REQUIREMENT — Strip out all images, then restate the data verbatim.

Caption-style text data —
▶

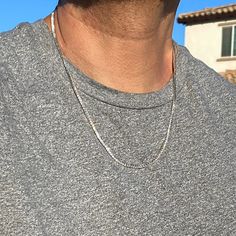 Men's and women's tennis chain necklace. Real genuine solid 925 sterling silver chain. Choose 16"-22", chain measures 2MM thick Authentic D Color VVS1 moissanite stones. Second hardest to diamonds on the Mohs scale. M 925 is stamped on the single latch clasp. Pass a diamond tester pen (as shown in photo) Shows up as moissanite (not diamond) on lab assays. Weigh approx. 13-16 grams depending on length. Won't change color or ever turn your skin green. Look like $3000-$8000 diamond tennis chains. E Silver Minimalist Tennis Necklace For Everyday Wear, Minimalist Silver Tennis Necklace For Everyday, Everyday Silver Minimalist Tennis Necklace, Everyday Minimalist Silver Tennis Necklace, Minimalist Silver Tennis Necklace With Diamond Cut, Minimalist Silver Diamond Cut Tennis Necklace, Silver Minimalist Tennis Necklace For Anniversary, Minimalist Silver Tennis Necklace For Anniversary, Classic Silver Tennis Necklace For Everyday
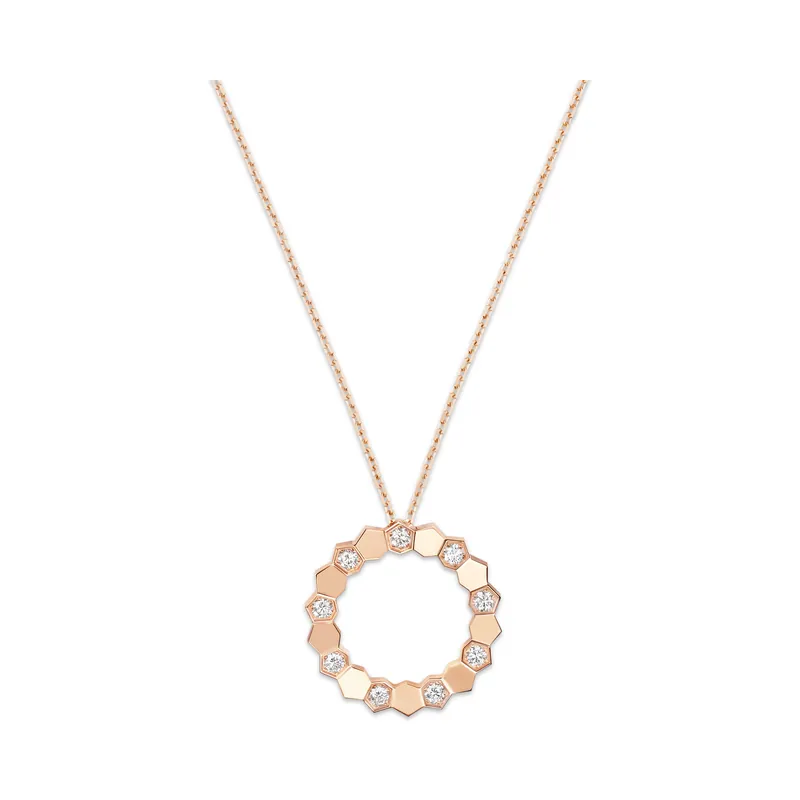 Bee de Chaumet medium pendant in rose gold: an open circle of hexagonal honeycomb cells, some set with diamonds, on a fine chain, on a transparent ground.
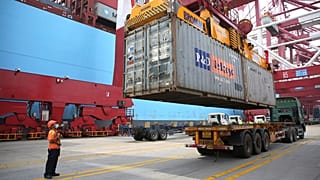 A worker wearing a face mask to protect against the new coronavirus guides the loading of a shipping container at a container port in Qingdao in eastern China.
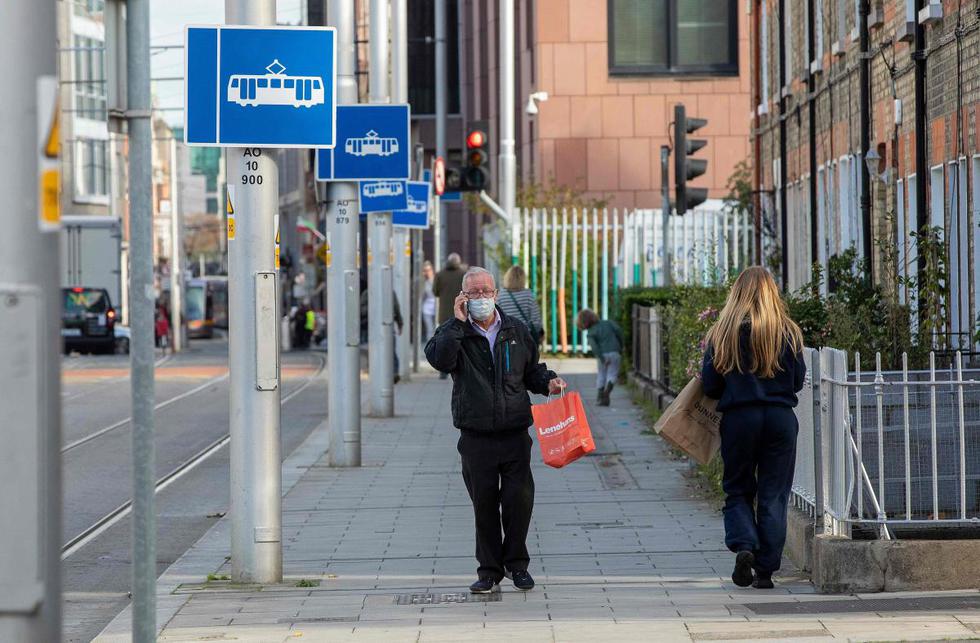 Un hombre que usa una mascarilla como precaución contra la transmisión del nuevo coronavirus camina por una calle en Dublín (Irlanda). (AFP / Paul Faith).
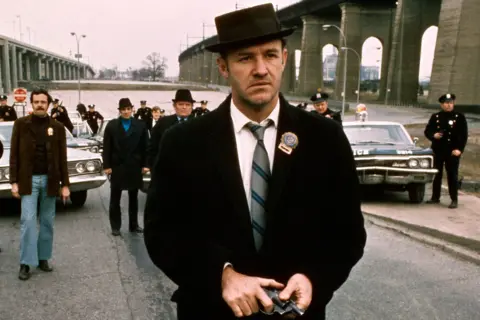 Getty Images Gene Hackman filmed in a scene from The French Connection. He wearing a dark overcoat, white shirt, and striped tie and stands in the foreground holding a small object in both hands. Hackman also wears a dark fedora-style hat and has a badge pinned to the coat. Behind him, several uniformed police officers and other individuals are visible near two vintage police cars. The scene takes place outdoors on a road beside large concrete bridge structures, with an overcast sky in the background.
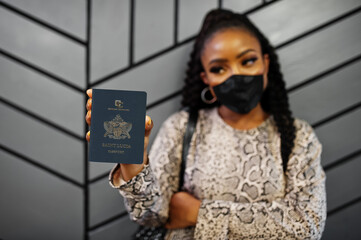 African american woman wearing black face mask show Saint Lucia passport in hand. Coronavirus in America country, border closure and quarantine, virus outbreak concept.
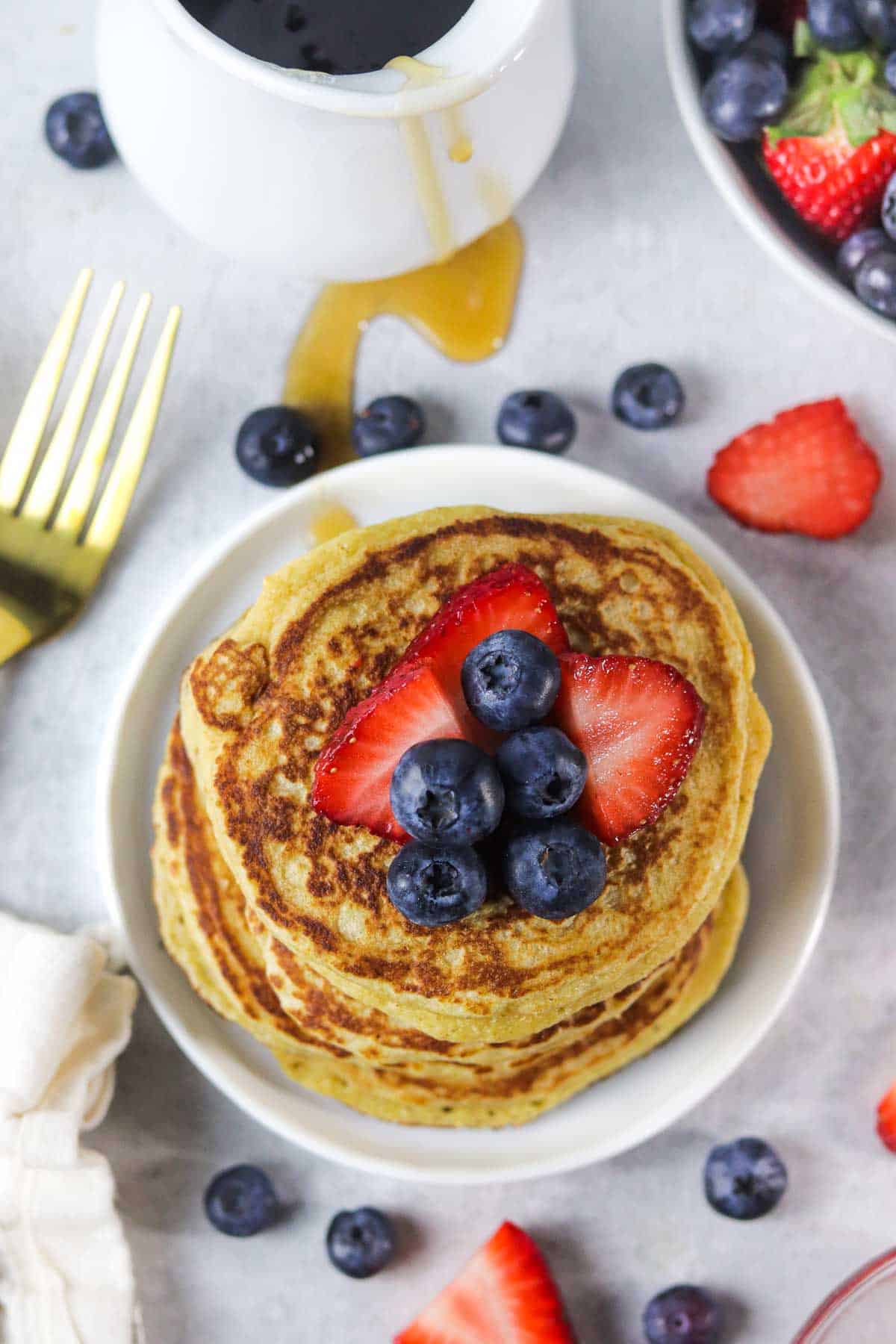 stack of protein pancakes without protein powder with berries.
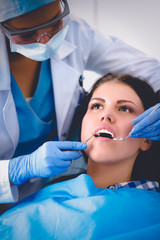 Fototapeta premium Woman dentist working at her patients teeth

◀

SOLUTION TO THIS EXERCISE —
 Men's and women's tennis chain necklace. Real genuine solid 925 sterling silver chain. Choose 16"-22", chain measures 2MM thick Authentic D Color VVS1 moissanite stones. Second hardest to diamonds on the Mohs scale. M 925 is stamped on the single latch clasp. Pass a diamond tester pen (as shown in photo) Shows up as moissanite (not diamond) on lab assays. Weigh approx. 13-16 grams depending on length. Won't change color or ever turn your skin green. Look like $3000-$8000 diamond tennis chains. E Silver Minimalist Tennis Necklace For Everyday Wear, Minimalist Silver Tennis Necklace For Everyday, Everyday Silver Minimalist Tennis Necklace, Everyday Minimalist Silver Tennis Necklace, Minimalist Silver Tennis Necklace With Diamond Cut, Minimalist Silver Diamond Cut Tennis Necklace, Silver Minimalist Tennis Necklace For Anniversary, Minimalist Silver Tennis Necklace For Anniversary, Classic Silver Tennis Necklace For Everyday
 Bee de Chaumet medium pendant in rose gold: an open circle of hexagonal honeycomb cells, some set with diamonds, on a fine chain, on a transparent ground.
 A worker wearing a face mask to protect against the new coronavirus guides the loading of a shipping container at a container port in Qingdao in eastern China.
 Un hombre que usa una mascarilla como precaución contra la transmisión del nuevo coronavirus camina por una calle en Dublín (Irlanda). (AFP / Paul Faith).
 Getty Images Gene Hackman filmed in a scene from The French Connection. He wearing a dark overcoat, white shirt, and striped tie and stands in the foreground holding a small object in both hands. Hackman also wears a dark fedora-style hat and has a badge pinned to the coat. Behind him, several uniformed police officers and other individuals are visible near two vintage police cars. The scene takes place outdoors on a road beside large concrete bridge structures, with an overcast sky in the background.
 African american woman wearing black face mask show Saint Lucia passport in hand. Coronavirus in America country, border closure and quarantine, virus outbreak concept.
 stack of protein pancakes without protein powder with berries.
 Fototapeta premium Woman dentist working at her patients teeth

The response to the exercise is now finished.